Europäische Aktienmärkte unter Druck durch Nasdaq-Schwäche

Verkaufsdruck aus New York
Die jüngsten Entwicklungen an der US-Technologiebörse Nasdaq haben sich negativ auf die europäischen Aktienmärkte ausgewirkt. Laut Andreas Lipkow, Chef-Marktanalyst bei CMC Markets, kam es vor drei bedeutenden Börsengängen im Tech-Sektor zu einem erneuten Verkaufsdruck, der die Liquidität aus den Märkten abzieht.
EuroStoxx und FTSE 100 im Minus
Der EuroStoxx 50 geriet ins Minus und schloss mit einem Rückgang von 0,21 Prozent bei 6.049,74 Punkten. Besonders belastend wirkte sich der Rückgang des britischen FTSE 100 aus, der mit einem Minus von 1,41 Prozent auf 10.227,33 Punkte fiel. Hierbei waren vor allem Banken-, Bergbau- und Ölwerte ausschlaggebend für die negativen Kursbewegungen.
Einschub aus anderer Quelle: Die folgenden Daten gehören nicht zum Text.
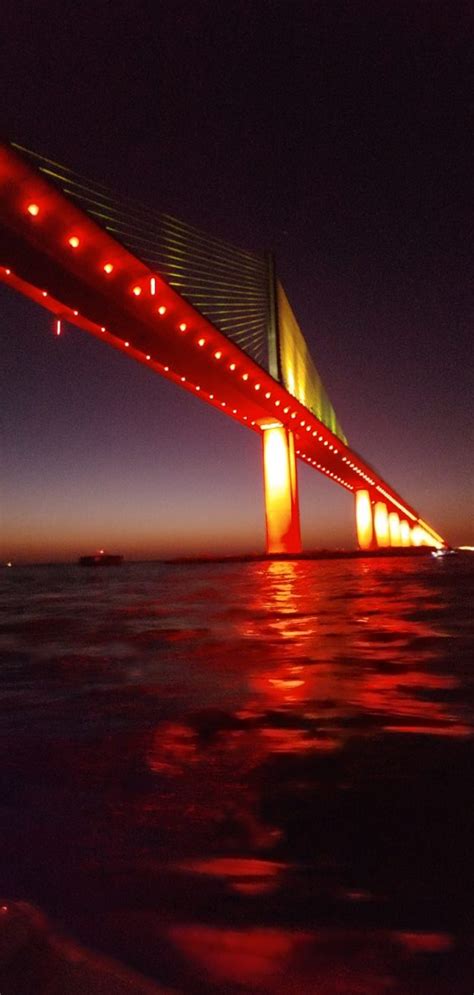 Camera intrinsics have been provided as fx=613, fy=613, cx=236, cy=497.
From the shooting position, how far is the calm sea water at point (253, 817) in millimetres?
977

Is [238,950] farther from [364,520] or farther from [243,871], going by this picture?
[364,520]

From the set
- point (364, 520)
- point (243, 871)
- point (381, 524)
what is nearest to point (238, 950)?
point (243, 871)

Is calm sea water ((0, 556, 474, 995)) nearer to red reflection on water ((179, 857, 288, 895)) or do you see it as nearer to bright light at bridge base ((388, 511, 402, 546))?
red reflection on water ((179, 857, 288, 895))

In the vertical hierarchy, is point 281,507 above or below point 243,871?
above

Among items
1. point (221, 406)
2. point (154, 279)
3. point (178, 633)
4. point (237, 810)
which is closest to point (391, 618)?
point (178, 633)

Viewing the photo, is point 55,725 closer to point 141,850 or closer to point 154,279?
point 141,850

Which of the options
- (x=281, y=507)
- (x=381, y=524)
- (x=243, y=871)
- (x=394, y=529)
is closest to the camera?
(x=243, y=871)

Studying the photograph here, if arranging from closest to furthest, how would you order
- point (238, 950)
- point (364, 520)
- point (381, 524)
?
point (238, 950) < point (364, 520) < point (381, 524)

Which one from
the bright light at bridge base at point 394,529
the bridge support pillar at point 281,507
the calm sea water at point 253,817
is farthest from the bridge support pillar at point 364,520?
the calm sea water at point 253,817

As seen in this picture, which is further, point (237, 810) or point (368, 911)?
point (237, 810)

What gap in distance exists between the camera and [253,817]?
148 cm

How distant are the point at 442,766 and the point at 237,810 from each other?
2.19 ft

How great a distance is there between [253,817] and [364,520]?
5857 centimetres

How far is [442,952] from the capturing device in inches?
37.5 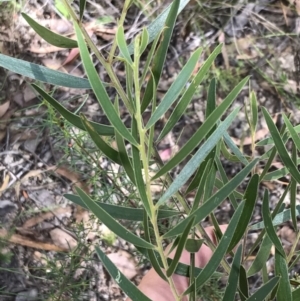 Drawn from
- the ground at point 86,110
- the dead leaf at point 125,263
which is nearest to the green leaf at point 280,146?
the ground at point 86,110

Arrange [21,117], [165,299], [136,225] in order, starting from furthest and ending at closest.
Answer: [21,117], [136,225], [165,299]

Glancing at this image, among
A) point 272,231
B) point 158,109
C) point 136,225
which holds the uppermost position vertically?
point 158,109

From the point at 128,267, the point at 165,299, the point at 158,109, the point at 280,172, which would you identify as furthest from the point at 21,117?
the point at 158,109

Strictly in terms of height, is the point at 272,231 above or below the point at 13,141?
above

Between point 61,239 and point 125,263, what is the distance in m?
0.23

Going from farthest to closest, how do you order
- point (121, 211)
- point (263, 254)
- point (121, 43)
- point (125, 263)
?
point (125, 263)
point (263, 254)
point (121, 211)
point (121, 43)

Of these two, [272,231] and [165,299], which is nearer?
[272,231]

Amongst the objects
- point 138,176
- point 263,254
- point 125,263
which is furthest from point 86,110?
point 138,176

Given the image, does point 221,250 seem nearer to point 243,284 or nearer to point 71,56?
point 243,284

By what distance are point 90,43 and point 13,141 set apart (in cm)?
122

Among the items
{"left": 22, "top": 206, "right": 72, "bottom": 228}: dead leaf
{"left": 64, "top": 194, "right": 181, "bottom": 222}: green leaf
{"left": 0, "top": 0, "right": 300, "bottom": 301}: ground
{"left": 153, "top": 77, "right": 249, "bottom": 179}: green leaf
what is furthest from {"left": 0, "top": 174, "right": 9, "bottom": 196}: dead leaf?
{"left": 153, "top": 77, "right": 249, "bottom": 179}: green leaf

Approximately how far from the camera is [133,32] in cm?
172

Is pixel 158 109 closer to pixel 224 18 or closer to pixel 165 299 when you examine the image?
pixel 165 299

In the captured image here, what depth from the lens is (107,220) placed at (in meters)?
0.48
Schweizer SMI zeigt Resilienz
Im Gegensatz dazu erwies sich der Schweizer SMI als stabiler und konnte ein Plus von 0,27 Prozent auf 13.356,31 Punkte behaupten. Diese Divergenz zeigt, dass der Schweizer Markt weniger anfällig für die Schwankungen in New York ist, was auf eine gewisse Robustheit hinweist.
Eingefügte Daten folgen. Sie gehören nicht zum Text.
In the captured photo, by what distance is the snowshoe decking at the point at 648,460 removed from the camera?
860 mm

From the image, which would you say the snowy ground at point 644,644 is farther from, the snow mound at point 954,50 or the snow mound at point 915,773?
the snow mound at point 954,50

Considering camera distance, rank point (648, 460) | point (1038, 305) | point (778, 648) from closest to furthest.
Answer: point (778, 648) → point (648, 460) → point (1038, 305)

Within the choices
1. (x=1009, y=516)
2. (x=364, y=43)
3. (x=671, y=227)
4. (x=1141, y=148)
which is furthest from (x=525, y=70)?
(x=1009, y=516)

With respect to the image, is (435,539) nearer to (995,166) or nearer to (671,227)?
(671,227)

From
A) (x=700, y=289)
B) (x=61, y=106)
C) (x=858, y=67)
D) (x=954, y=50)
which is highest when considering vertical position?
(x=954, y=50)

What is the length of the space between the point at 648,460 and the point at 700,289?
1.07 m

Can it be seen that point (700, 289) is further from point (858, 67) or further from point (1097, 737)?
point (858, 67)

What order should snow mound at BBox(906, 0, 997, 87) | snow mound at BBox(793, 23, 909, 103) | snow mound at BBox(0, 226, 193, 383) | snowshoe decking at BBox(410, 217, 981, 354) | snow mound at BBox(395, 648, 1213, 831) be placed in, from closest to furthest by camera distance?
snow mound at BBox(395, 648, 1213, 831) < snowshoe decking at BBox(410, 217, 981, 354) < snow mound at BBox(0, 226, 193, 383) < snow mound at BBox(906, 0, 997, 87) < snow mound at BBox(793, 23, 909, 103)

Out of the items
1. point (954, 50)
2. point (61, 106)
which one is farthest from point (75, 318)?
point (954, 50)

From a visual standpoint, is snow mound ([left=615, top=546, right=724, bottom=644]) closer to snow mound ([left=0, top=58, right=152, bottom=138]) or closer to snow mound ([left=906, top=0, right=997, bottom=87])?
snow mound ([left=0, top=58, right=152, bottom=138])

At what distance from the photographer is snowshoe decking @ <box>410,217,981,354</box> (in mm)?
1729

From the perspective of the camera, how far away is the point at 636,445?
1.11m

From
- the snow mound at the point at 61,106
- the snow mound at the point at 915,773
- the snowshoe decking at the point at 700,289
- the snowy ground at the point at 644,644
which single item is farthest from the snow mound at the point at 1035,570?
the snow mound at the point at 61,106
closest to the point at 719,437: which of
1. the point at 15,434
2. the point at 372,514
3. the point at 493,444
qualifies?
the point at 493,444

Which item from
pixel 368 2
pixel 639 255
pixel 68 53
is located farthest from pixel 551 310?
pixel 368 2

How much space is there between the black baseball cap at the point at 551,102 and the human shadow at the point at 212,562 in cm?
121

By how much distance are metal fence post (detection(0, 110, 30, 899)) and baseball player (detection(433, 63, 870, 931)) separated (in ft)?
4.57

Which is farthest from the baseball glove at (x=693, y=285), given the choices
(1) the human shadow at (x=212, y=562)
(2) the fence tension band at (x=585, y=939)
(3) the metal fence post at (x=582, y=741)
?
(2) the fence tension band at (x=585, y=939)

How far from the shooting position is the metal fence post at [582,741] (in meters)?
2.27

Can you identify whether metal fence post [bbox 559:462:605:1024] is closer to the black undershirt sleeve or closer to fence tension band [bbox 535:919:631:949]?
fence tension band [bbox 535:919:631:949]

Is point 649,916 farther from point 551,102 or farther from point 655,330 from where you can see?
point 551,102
Halbleiter und Energieunternehmen unter Druck
In New York erlitten insbesondere die Halbleiterwerte, die zuletzt stark performten, Rückschläge durch Gewinnmitnahmen. An den europäischen Märkten waren Infineon und STMicro die Verlierer des Tages mit Verlusten von 3,3 und 5,9 Prozent. Auch die Aktien von Siemens Energy und Schneider Electric, die von der steigenden Energienachfrage profitieren sollten, büßten 5,9 und 2,6 Prozent ein.
Rohstoffsektor leidet unter Preisdruck
Die Aktien von Öl- und Gaskonzernen litten unter den stark gesunkenen Ölpreisen. Besonders der Rohstoffsektor zeigte sich schwach, da auch die Preise für Edelmetalle wie Gold, Silber und Platin rückläufig waren. Diese Entwicklungen könnten die Wettbewerbsfähigkeit der Unternehmen im Rohstoffsektor langfristig beeinträchtigen.
Chemiesektor als Gewinner
Auf der anderen Seite führte der Chemiesektor die Gewinnerliste in Europa an. Givaudan stach mit einem Kursplus von 7,5 Prozent auf 3.147 Franken hervor, nachdem Deutsche Bank Research das Kursziel von 3.000 auf 3.300 Franken angehoben hatte. Analystin Virginie Boucher-Ferte betonte die solide Nachfrage, während JPMorgan die Aktien mit "Positive Catalyst Watch" bewertete und damit Optimismus vor dem Halbjahresbericht des Unternehmens am 23. Juli signalisiert.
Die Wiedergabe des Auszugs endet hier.